Take the line containing "Spider Remote Control" and every line after it to the end of the material below; reproduce them exactly, without pictures.

[Start of section]

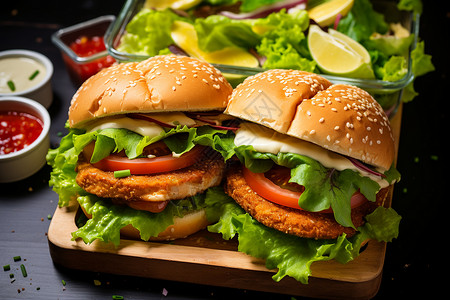 维生素丰富的汉堡套餐高清图片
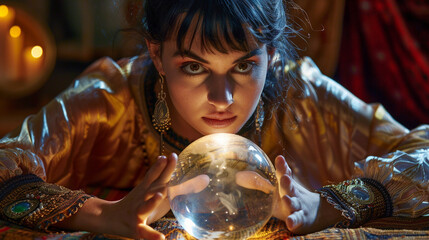 A fortune teller with a look of intense concentration, studying the visions within the crystal ball, - obrazy, fototapety, plakaty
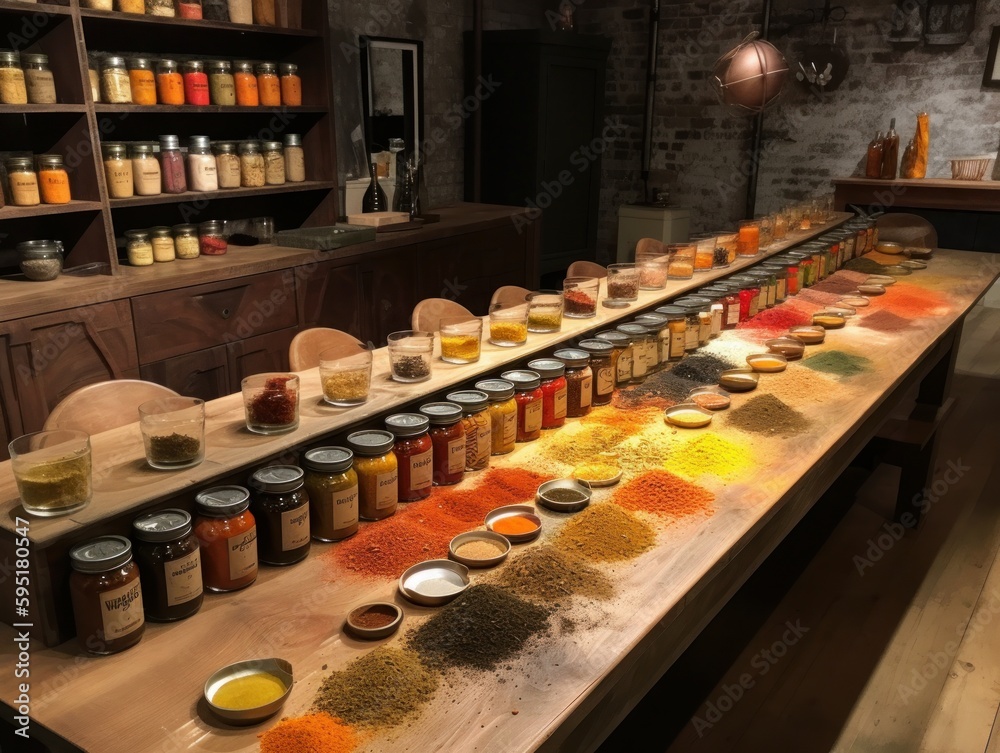 A table with a mix of different spices, herbs, and condiments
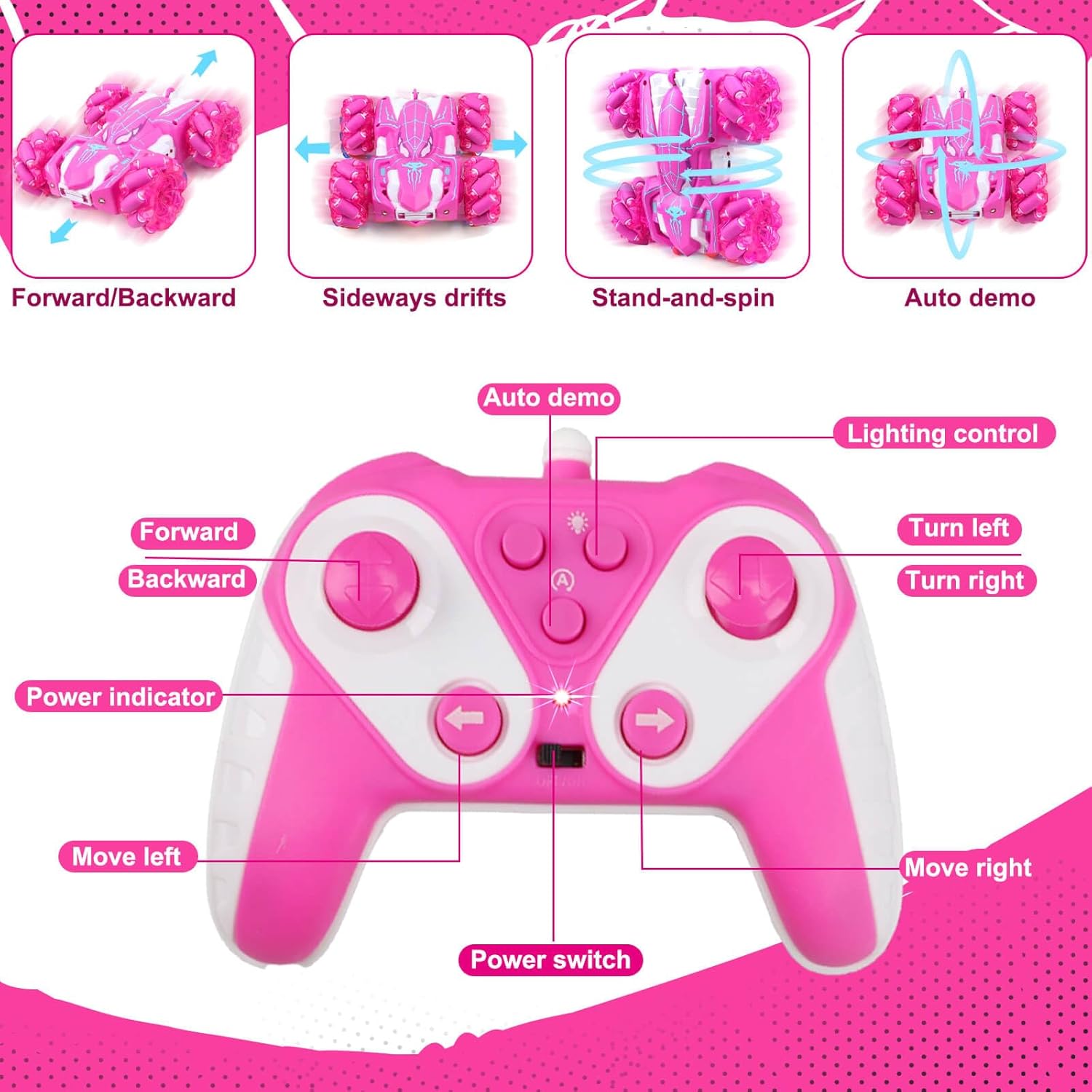 Spider Remote Control Car, RC Cars Kids Toys Girls 3-5, Toys for Ages 8-13, Gifts for 3 4 5 6 7 8 10 12 Year Old Girls Kids Toddlers Birthday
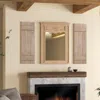 Hivvago 36 X 11 Inch Farmhouse Paulownia Wood Window Shutters Set Of 2 For Windows-light Brown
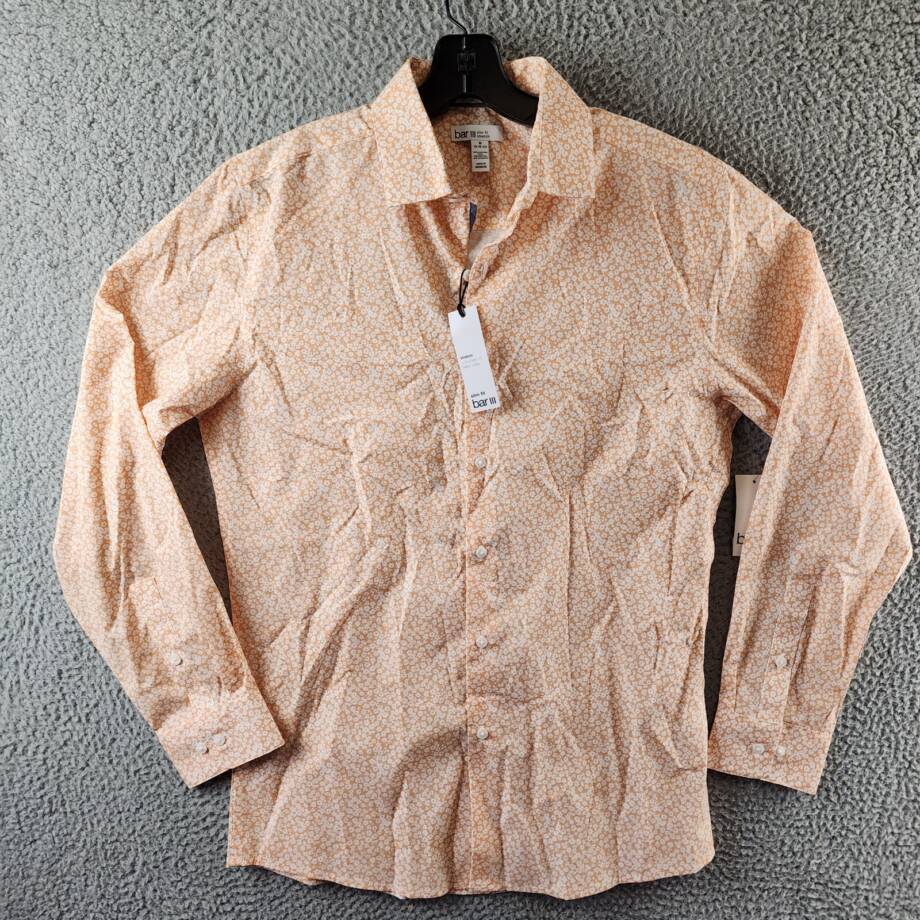 Bar III Slim-Fit Wave Floral Dress Shirt Mens M (15-15.5) Apricot Button Closure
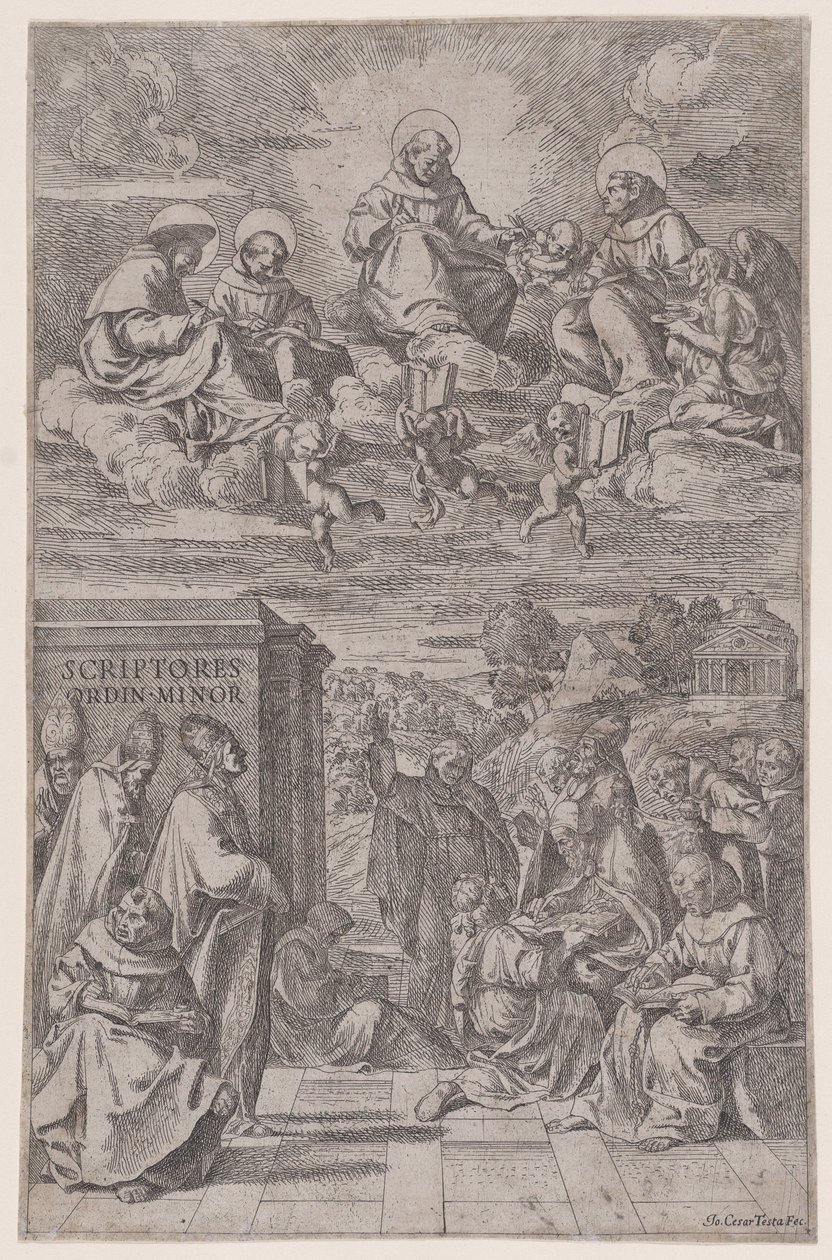 Duchowni w piśmie pejzażowym, inni w sferze niebieskiej powyżej, ok. 1650 r. autorstwa Giovanni Cesare Testa
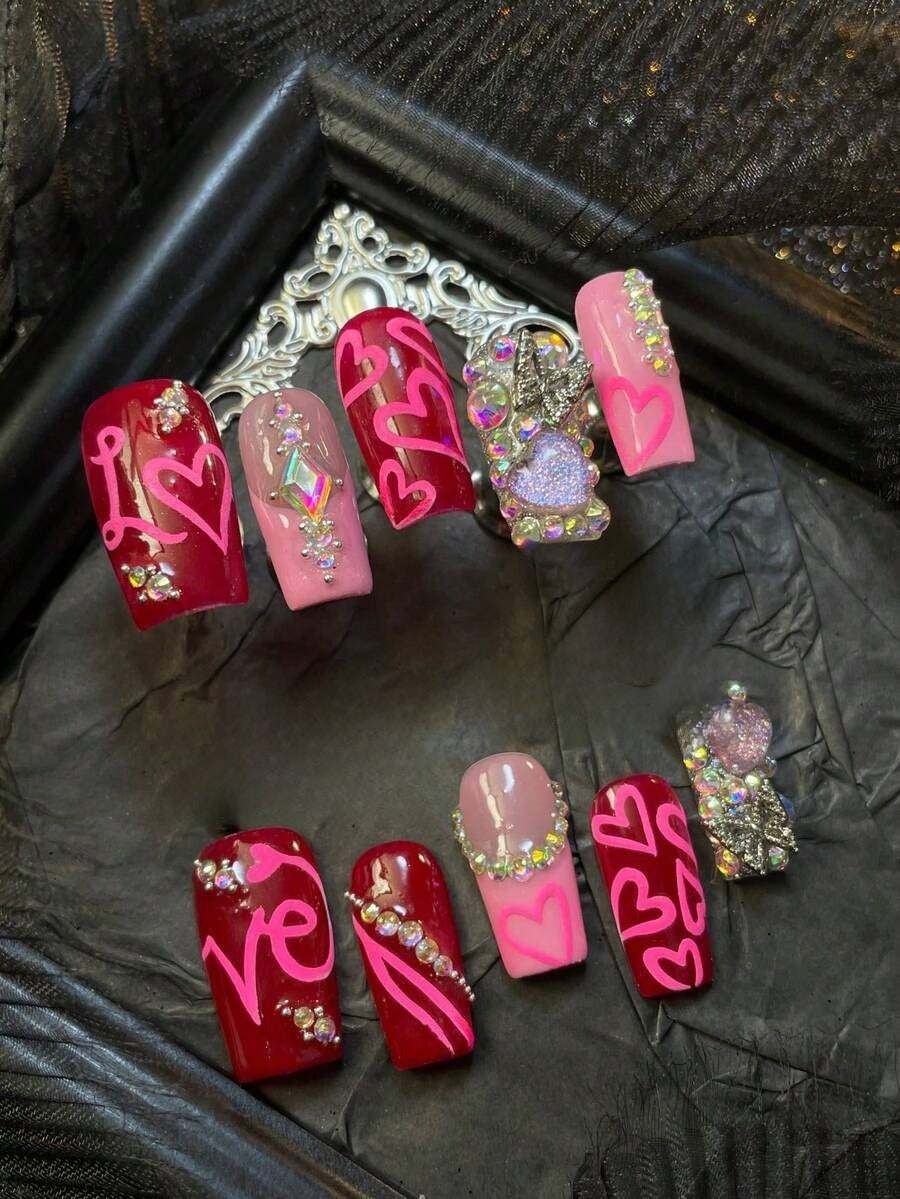 Love Letter cherry red and pink heart lettering medium square press-on nails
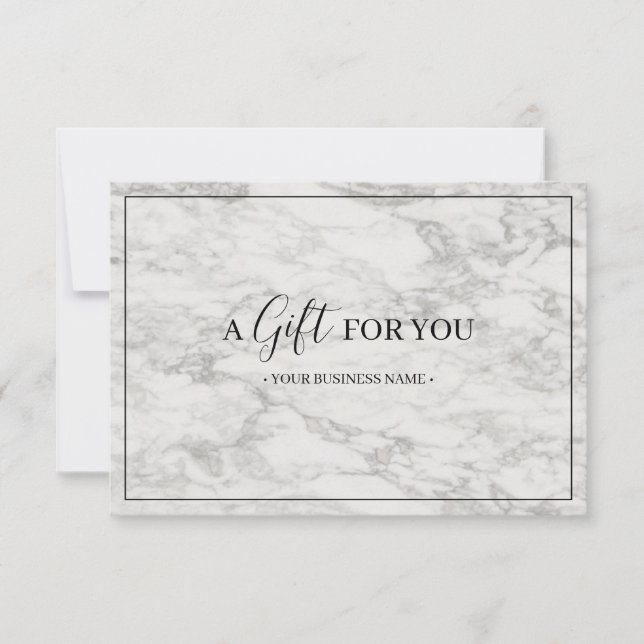 Modern Marble Customized Gift Certificate (Framsida)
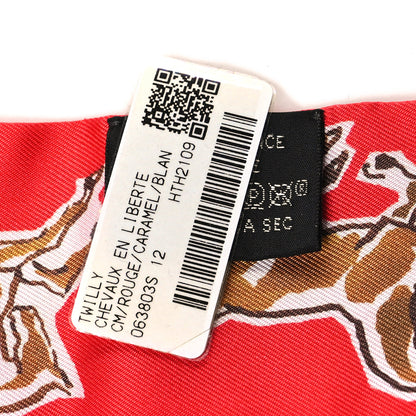 Hermes Silk Chevaux En Liberte Twilly Rouge Caramel White 3 of 4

[End of section]

## SOLUTION FOR THIS EXERCISE
 Spider Remote Control Car, RC Cars Kids Toys Girls 3-5, Toys for Ages 8-13, Gifts for 3 4 5 6 7 8 10 12 Year Old Girls Kids Toddlers Birthday
 Hivvago 36 X 11 Inch Farmhouse Paulownia Wood Window Shutters Set Of 2 For Windows-light Brown
 Bar III Slim-Fit Wave Floral Dress Shirt Mens M (15-15.5) Apricot Button Closure
 Duchowni w piśmie pejzażowym, inni w sferze niebieskiej powyżej, ok. 1650 r. autorstwa Giovanni Cesare Testa
 Love Letter cherry red and pink heart lettering medium square press-on nails
 Modern Marble Customized Gift Certificate (Framsida)
 Hermes Silk Chevaux En Liberte Twilly Rouge Caramel White 3 of 4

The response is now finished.